ESTADÃO - Gabriela Biló, Camila Turtelli, Eduardo Gayer e Ricardo Galhardo
© Gabriela Biló/Estadão. O presidente Jair Bolsonaro visitou feira na Catedral de Brasília
BRASÍLIA - O presidente Jair Bolsonaro disse neste domingo, 23, ter "vontade
de encher de porrada” um jornalista do jornal O Globo em
frente à Catedral Metropolitana de Brasília. A atitude gerou forte reação de
entidades em defendesa da liberdade de imprensa que cobraram uma ¨reação
contundente¨ dos poderes Legislativo e Judiciário.
Durante uma visita à feirinha de artesanato no local, ao descer do carro, Bolsonaro foi questionado pelo jornalista sobre repasses de R$ 89 mil feitos por Fabrício Queiroz, ex-assessor de seu filho, o senador Flávio Bolsonaro (Republicanos-RJ), feitos à primeira-dama Michelle Bolsonaro. “Vontade de encher tua boca de porrada”, respondeu Bolsonaro ao repórter.
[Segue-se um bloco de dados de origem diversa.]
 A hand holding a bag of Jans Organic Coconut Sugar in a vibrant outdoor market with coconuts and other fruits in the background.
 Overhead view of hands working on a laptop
Jornalistas que acompanhavam a visita questionaram se a declaração era uma ameaça, mas o chefe do Executivo não respondeu mais e seguiu com a visita. Depois, voltou ao Palácio da Alvorada, residência oficial da Presidência. O Palácio do Planalto foi questionado pelo Estadão sobre o teor da frase, mas respondeu que não iria comentar.
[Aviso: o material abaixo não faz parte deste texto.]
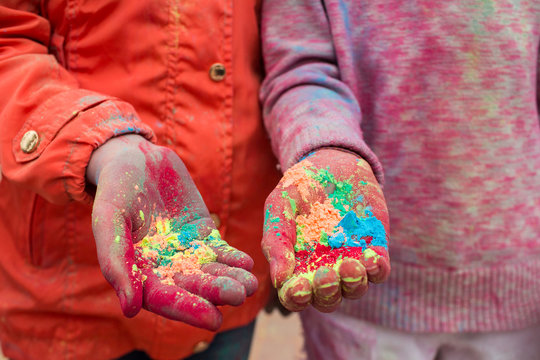 Hands of young people with Indian dyes on Holi color festival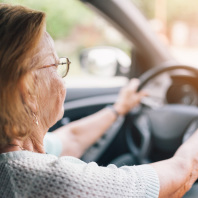 Eine ältere Frau sitz am Lenkrad eines fahrenden Autos.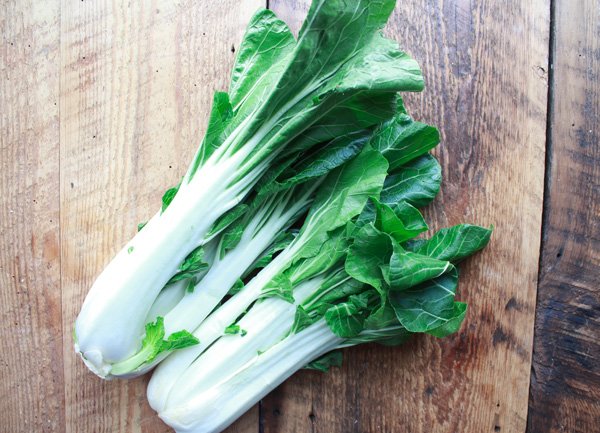 two bunches of bok choy on a wooden cutting board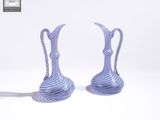 une paire de vases rayés bleus et blancs posés sur une surface blanche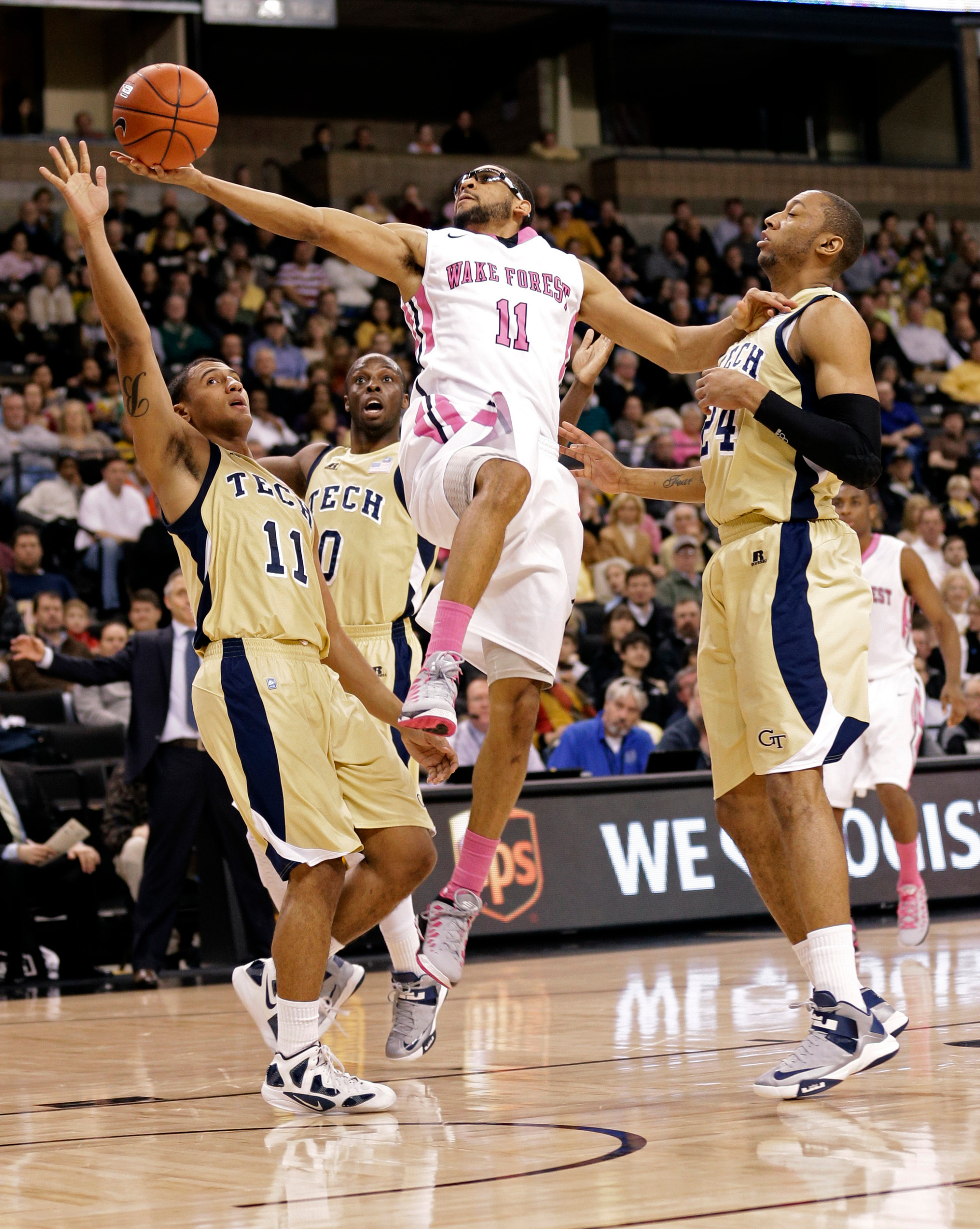 Wake Forest's C.J. Harris, center, drives between Georgia Tech's Chris Bolden, left, Mfon Udofia, second from left, and Kammeon Holsey, right, during the first half. (AP Photo/Chuck Burton)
"É lamentável que, mais uma vez, o presidente reaja de forma agressiva e destemperada a uma pergunta de jornalista. Essa atitude em nada contribui com o ambiente democrático e de liberdade de imprensa previstos pela Constituição", afirmou o presidente da Associação Nacional de Jornais (ANJ), Marcelo Rech.
Em nota, o jornal O
Globo repudiou a "agressão do presidente". "Tal
intimidação mostra que Jair Bolsonaro desconsidera o dever de qualquer servidor
público, não importa o cargo, de prestar contas à população. Durante os
governos de todos os presidentes, O Globo não se furtou a
fazer as perguntas necessárias para cumprir o papel maior da imprensa, que é
informar os cidadãos. E continuará a fazer as perguntas que precisarem ser
feitas, neste e em todos os governos.”
Continue lendo
"O presidente vinha muito
bem nas últimas semanas. Com sua moderação estava contribuindo para a
pacificação do debate público. Lamentável ver a volta do perfil autoritário que
tanta apreensão causa nos democratas. Nossa solidariedade ao jornalista
ofendido e ao jornal O Globo", disse o presidente da Ordem dos
Advogados do Brasil (OAB), Felipe Santa Cruz
Em nota divulgada no início da
noite a Associação Brasileira de Jornalismo Investigativo (Abraji), Artigo 19,
Conectas, Observatório da Liberdade de Imprensa da OAB e Repórteres Sem
Fronteiras disseram que a atitude de Bolsonaro é incompatível com as regras
mínimas de convivência social e própria das ditaduras. As entidadees cobraram
uma ¨reação contundente¨ dos poderes Legislativo e Judiciário a mais essa
agressão.
¨A reação, ao ouvir uma pergunta
incisiva, foi não apenas incompatível com sua posição no mais alto cargo da
República, mas até mesmo com as regras de convivência em uma sociedade
democrática. Um presidente ameaçar ou agredir fisicamente um jornalista é
próprio de ditaduras, não de democracias¨, diz a nota.
As entidades lembram que
Bolsonaro deixou o local sem responder ao ser questionado se a declaração era
uma ameaça ao repórter do Globo e que a atitude deste domingo foi mais uma de
uma série de agressões do presidente à imprensa ao longo de sua carreira
política.
¨Essa ameaça de agressão física
se soma a um histórico de forte hostilidade de Bolsonaro contra jornalistas e
marca um novo patamar de brutalidade. Desde o início de seu mandato, em janeiro
de 2018, Jair Bolsonaro vem demonstrando carecer de preparo emocional para
prestar contas à sociedade por meio da imprensa, uma responsabilidade de todo mandatário
nas democracias saudáveis. Jornalistas têm sido vítimas de agressões verbais
constantes ao cumprir sua obrigação profissional de questionar o presidente
sobre ações do governo federal e indícios de corrupção ao longo de sua carreira
política¨, dizem as entidades.
A nota ressalta ainda que a
segurança dos profissionais que cobrem a presidência passou a ser uma
preocupação desde a posse de Bolsonaro e cita as agressões a repórteres que
cobriam as ¨saidinhas¨ do presidente no Palácio da Alvorada, entre outros
episódios de violência por parte dos apoiadores do presidente.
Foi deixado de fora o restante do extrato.